A lista de cantores e instrumentistas negros que se iniciaram na música das igrejas batistas é eclética: Marian Anderson (1897-1993), a maior contralto lírico, era dona de voz tão especial que descia ao registro de barítono masculino, e não o trivial mezzo-soprano no registro grave fazendo de contralto. A grande soprano Jessie Norman (1945) iniciou-se em música aos quatro anos de idade na Igreja Batista Monte Calvário. Temos ainda a bostoniana Donna Summer (1948-2012), Mahalia Jackson (1911-1972), “a rainha do gospel”, o pioneiro do rock’n’roll Chuck Berry (1926) e o grande cantor de soul Otis Redding, Jr., (1941-1967), entre outros. Na oratória, no improviso, também se destacaram grandes nomes como Martin Luther King, Jr. (nascido 1929 e assassinado em 1968), o maior líder do movimento libertador negro do jugo do poder branco americano, seguido pelo também reverendo Jesse Jackson (1941), que chegou a balançar a indicação do Partido Democrata para a presidência em 1988. Assisti a um de seus discursos na TV, e era de uma clareza, frases de efeito bem cunhadas, dicção e musicalidade como o líder maior, rev. King, Jr.
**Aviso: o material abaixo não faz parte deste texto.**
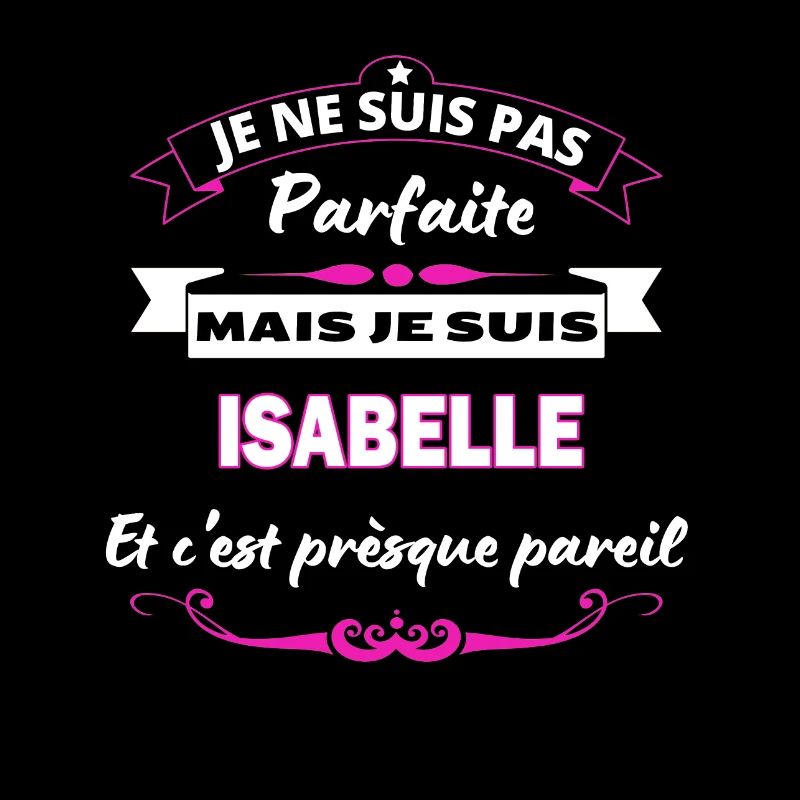 je ne suis pas Parfaite Isabelle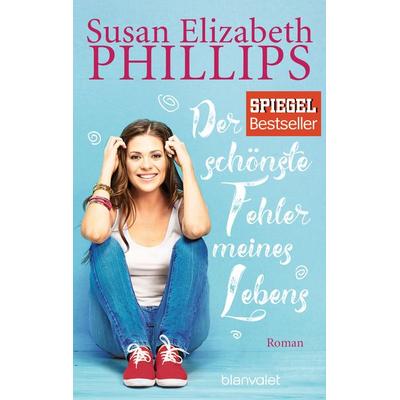 Der schönste Fehler meines Lebens, Taschenbuch von Susan Elizabeth Phillips, Blanvalet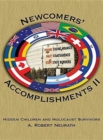 Newcomers' Accomplishments II : Hidden Children and Holocaust Survivors - Book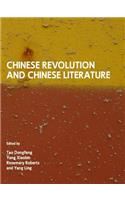 Chinese Revolution and Chinese Literature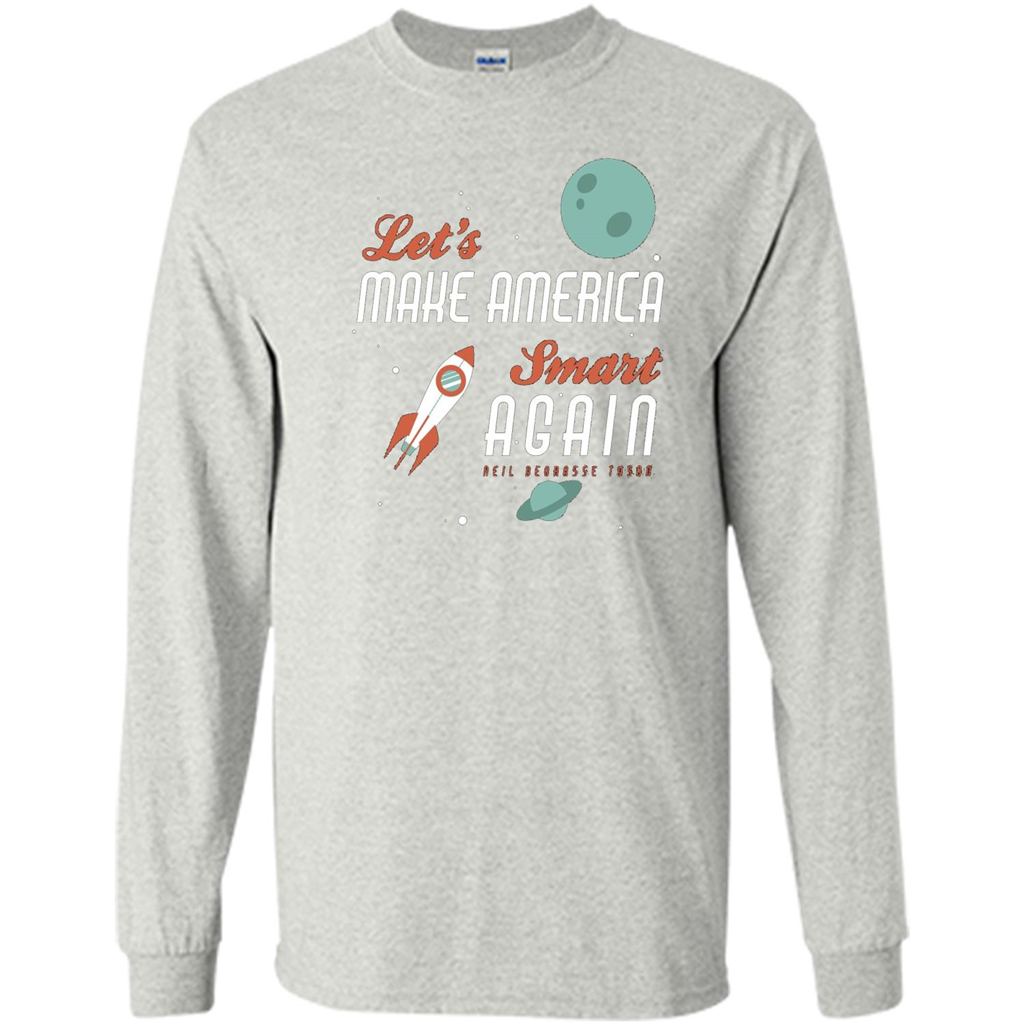 Neil deGrasse Tyson Quote Make America Smart Again T-shirt Ash
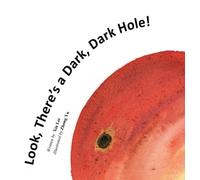 Look, There's a Dark, Dark Hole!/黑黑的有一个洞
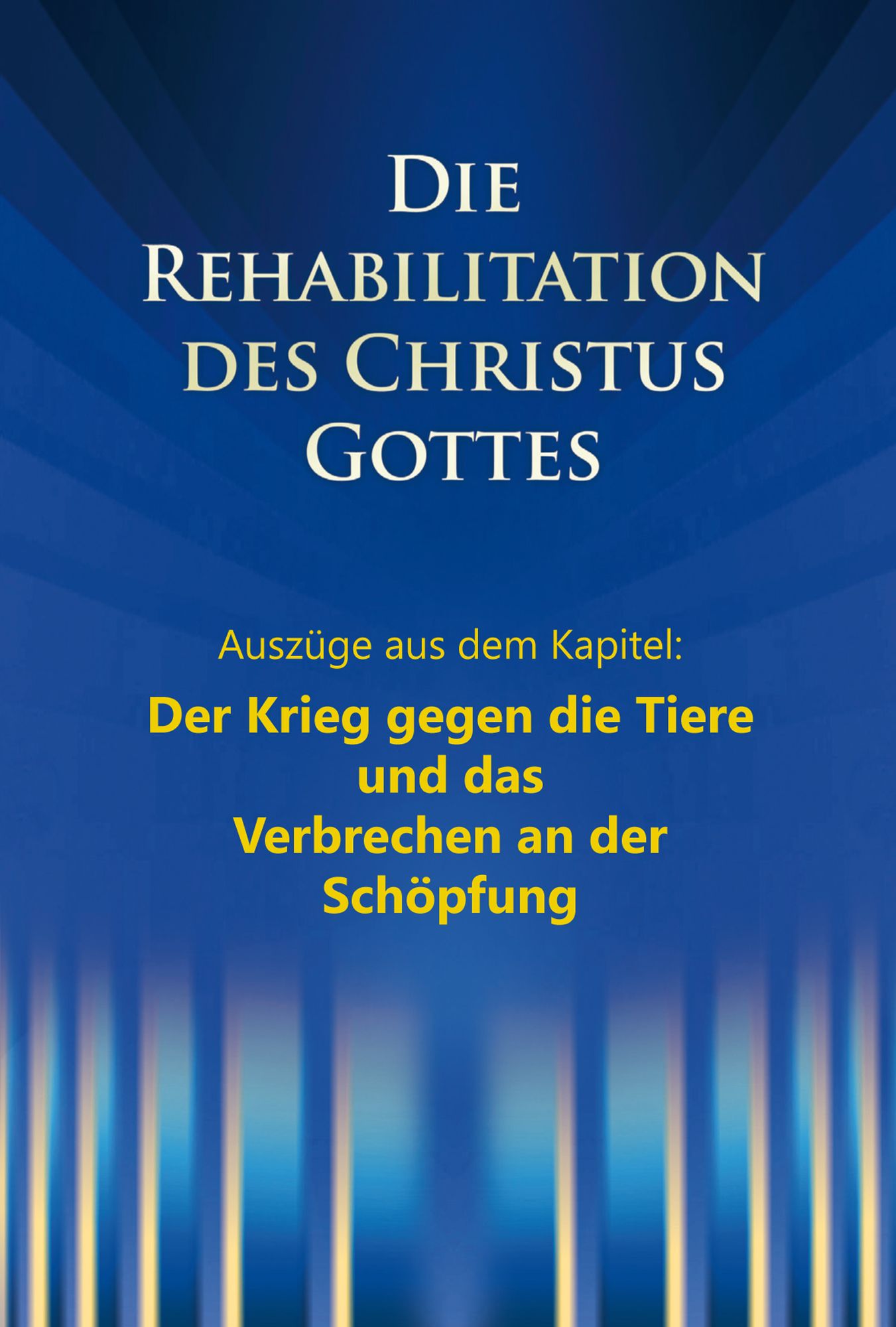 Die Rehabilitation des Christus Gottes: Auszüge aus dem Kapitel: Der Krieg gegen die Tiere und das Verbrechen an der Schöpfung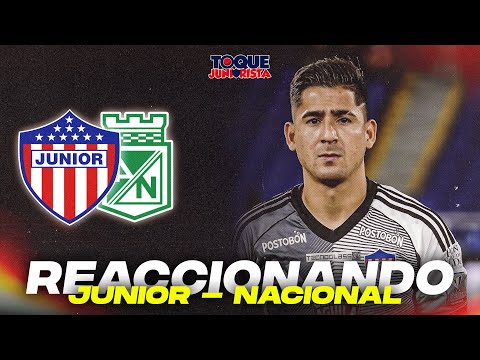 Reaccionando Atlético Nacional vs Junior de Barranquilla (FECHA 3) Debate y rueda de prensa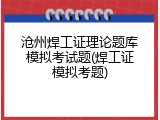 沧州焊工证理论题库模拟考试题(焊工证模拟考题)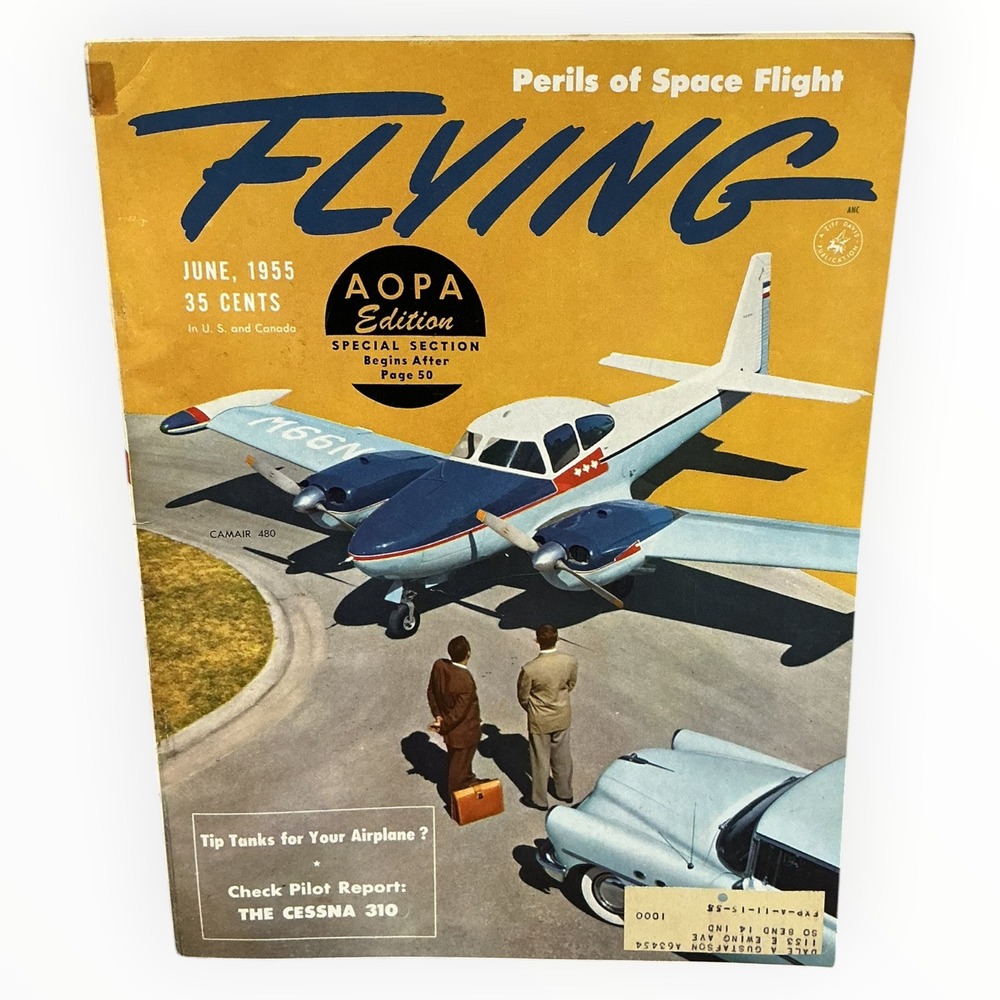 FLYING Magazine June 1955 AOPA Edition Cessna 310 Camair 480 Space Flight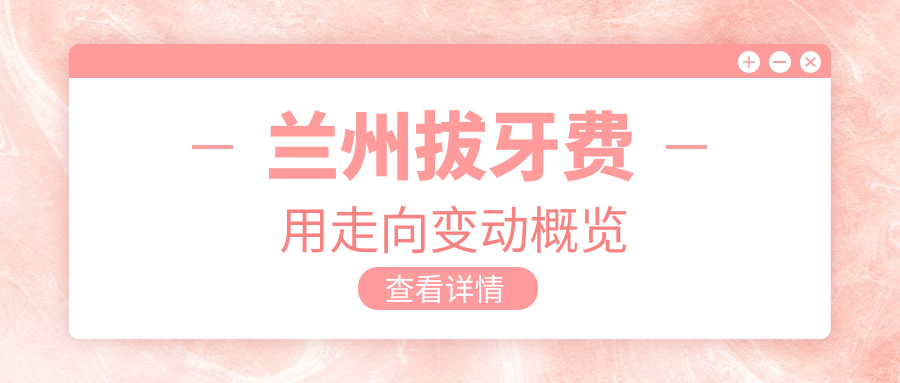 蘭州拔牙費用走向變動(dòng)概覽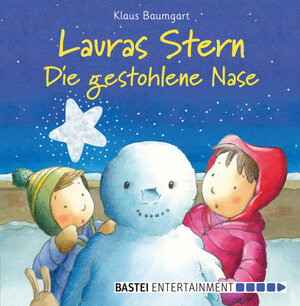 Buchcover Lauras Stern - Die gestohlene Nase | Klaus Baumgart | EAN 9783732573127 | ISBN 3-7325-7312-5 | ISBN 978-3-7325-7312-7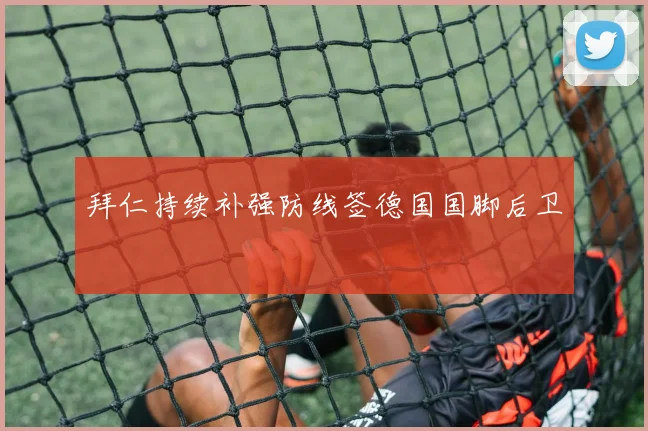 拜仁持续补强防线签德国国脚后卫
Foi absolutamente comovedor ver Jackson falar, uma lágrima ameaçava brotar a cada palavra empolgada pela igualdade racial e pela paz. Os negros terminaram chegando à presidência apenas com Barak Obama (1961), prenúncio de um avanço político pela via eleitoral, dentro da tradição política do país.
Certa vez, fui acompanhar o coro de uma igreja batista negra nos EUA. Precisava de dinheiro, e o cachê caía bem. Ao ver aquela animação dos fiéis e um fabuloso coral de negros de todas as idades, afinadíssimo, cantando “Praise be to God”, “Forgive me Lord”, e uma jovem cantora solista fazendo gorjeios virtuosísticos, em meio à empolgação cativante dos presentes, tive duas grandes certezas. Uma, ninguém canta música popular como o negro norte-americano. Segunda: se me chamassem, voltaria de graça, pois a música elevava, cativante como poucas que ouvi na vida.